_Goal of the exercise_
Without copying any picture, transcribe exactly the lines of the data below from the one containing "Lab C Dual USB" through the one containing "Daytime running lights, traction".
[[ Dataset entries, beginning ]]
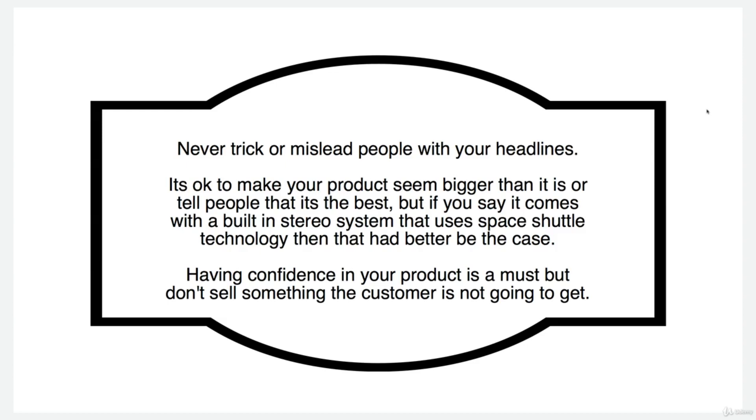Never trick or mislead people with your headlines. It's okay to make your product seem bigger than it is or tell people that it's the best. But if you say it comes with a built-in stereo system that uses space shuttle technology, then that better be the case. Having confidence in your product is a must, but don't sell something to the customer that they're not going to get.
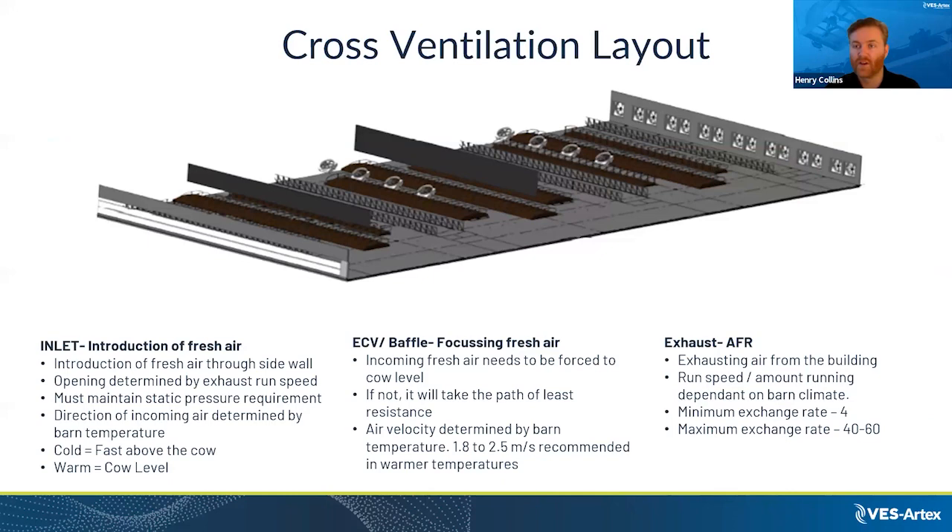In a cross-ventilated facility, the inlet usually has a curtain system that opens and closes based on air exchange rates — more closed in winter and opening as it heats up to equalise the air being pulled out the other end. ECV fans catch air as it rises and push it back down, keeping air moving at ground level where the cows are. Much like a tunnel barn, air is exhausted out the other end.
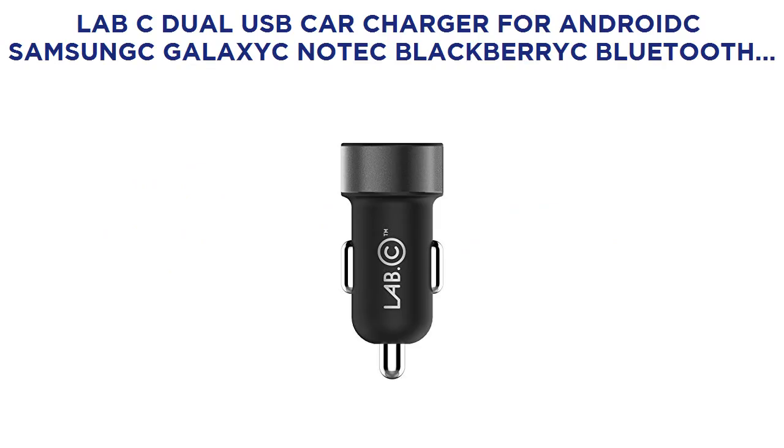Lab C Dual USB Car Charger for Android, Samsung Galaxy, BlackBerry, Bluetooth Headsets, Garmin Navigators, Space Gray, with Micro 5-Pin Cable.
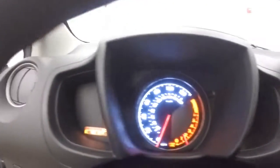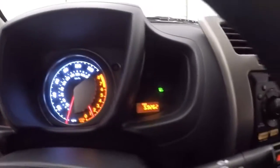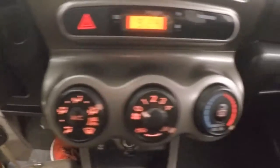Stereo controls on the steering wheel, cruise control on the stalk right here. Basic gauges — speed and tachometer. Stereo right here, Pioneer stereo. Climate control.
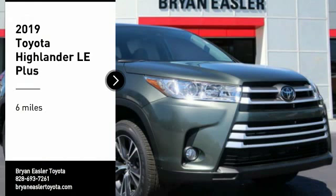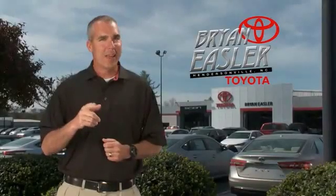If affordable style and reliability are what you're looking for, this vehicle couldn't be more perfect. Drive it today. Easler makes it easy.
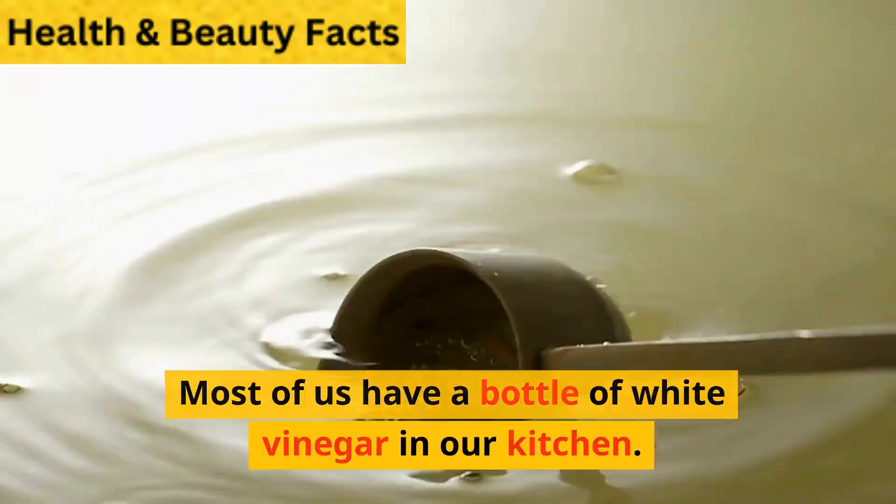8. Use Petroleum Jelly or Aloe Vera. If none of the above solutions are available in your home, try using Petroleum Jelly to kill termites. The phenols present in Petroleum Jelly tend to suffocate termites, and you can try using Aloe Vera for the same effect. Both of these are used as natural home remedies for termites by homeowners.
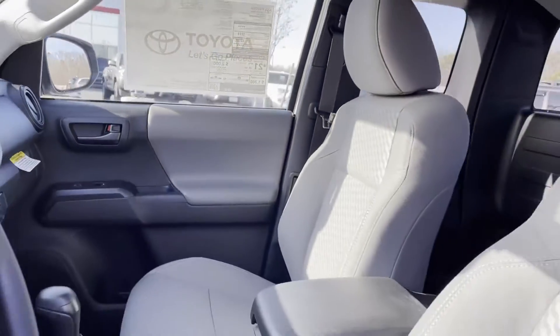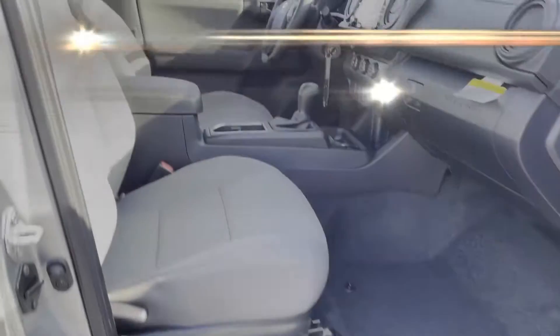Daytime running lights, traction control, brake actuated limited slip differential, cruise control, power side view mirrors.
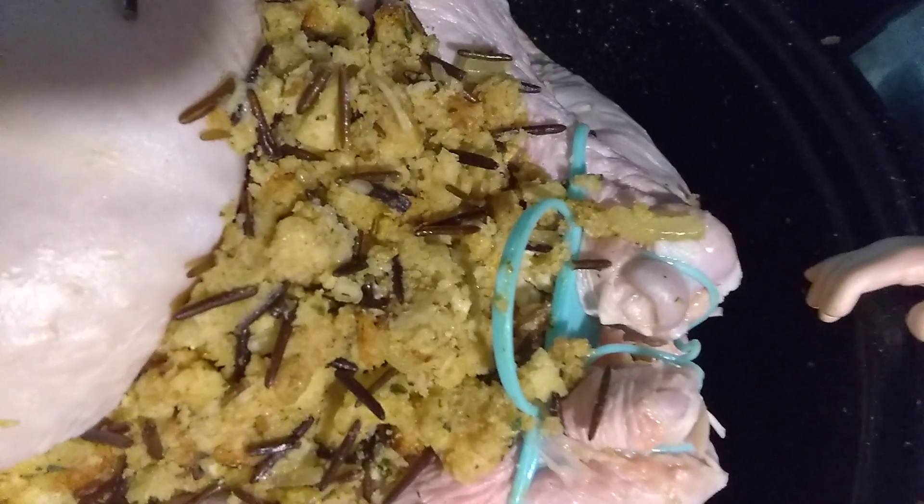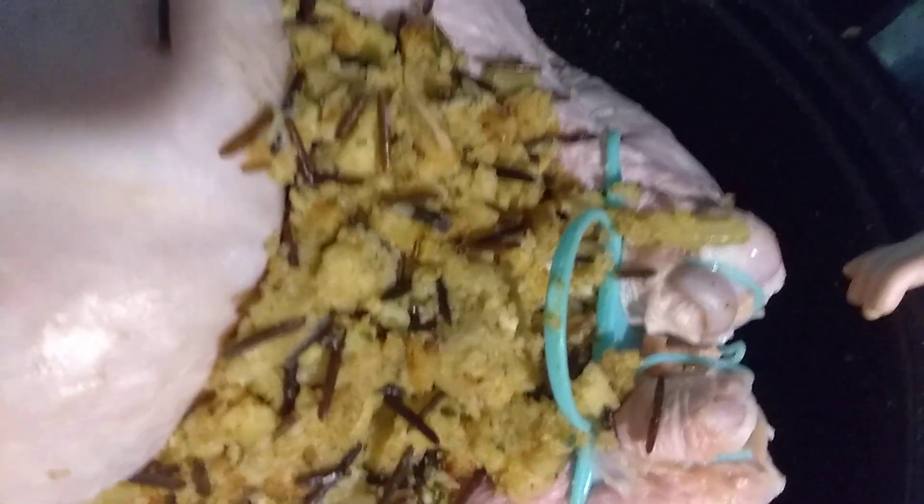I got my bubble wand stuck in that and things weren't going very well. I got that stuffing pumped in there and you can see all the wild rice sticking out of that beautiful stuffing, and we're going to be making a turkey soon after we coat this bird with a little bit of bacon grease.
[[ Dataset entries, end ]]
_The answer_
Lab C Dual USB Car Charger for Android, Samsung Galaxy, BlackBerry, Bluetooth Headsets, Garmin Navigators, Space Gray, with Micro 5-Pin Cable.
Stereo controls on the steering wheel, cruise control on the stalk right here. Basic gauges — speed and tachometer. Stereo right here, Pioneer stereo. Climate control.
If affordable style and reliability are what you're looking for, this vehicle couldn't be more perfect. Drive it today. Easler makes it easy.
8. Use Petroleum Jelly or Aloe Vera. If none of the above solutions are available in your home, try using Petroleum Jelly to kill termites. The phenols present in Petroleum Jelly tend to suffocate termites, and you can try using Aloe Vera for the same effect. Both of these are used as natural home remedies for termites by homeowners.
Daytime running lights, traction control, brake actuated limited slip differential, cruise control, power side view mirrors.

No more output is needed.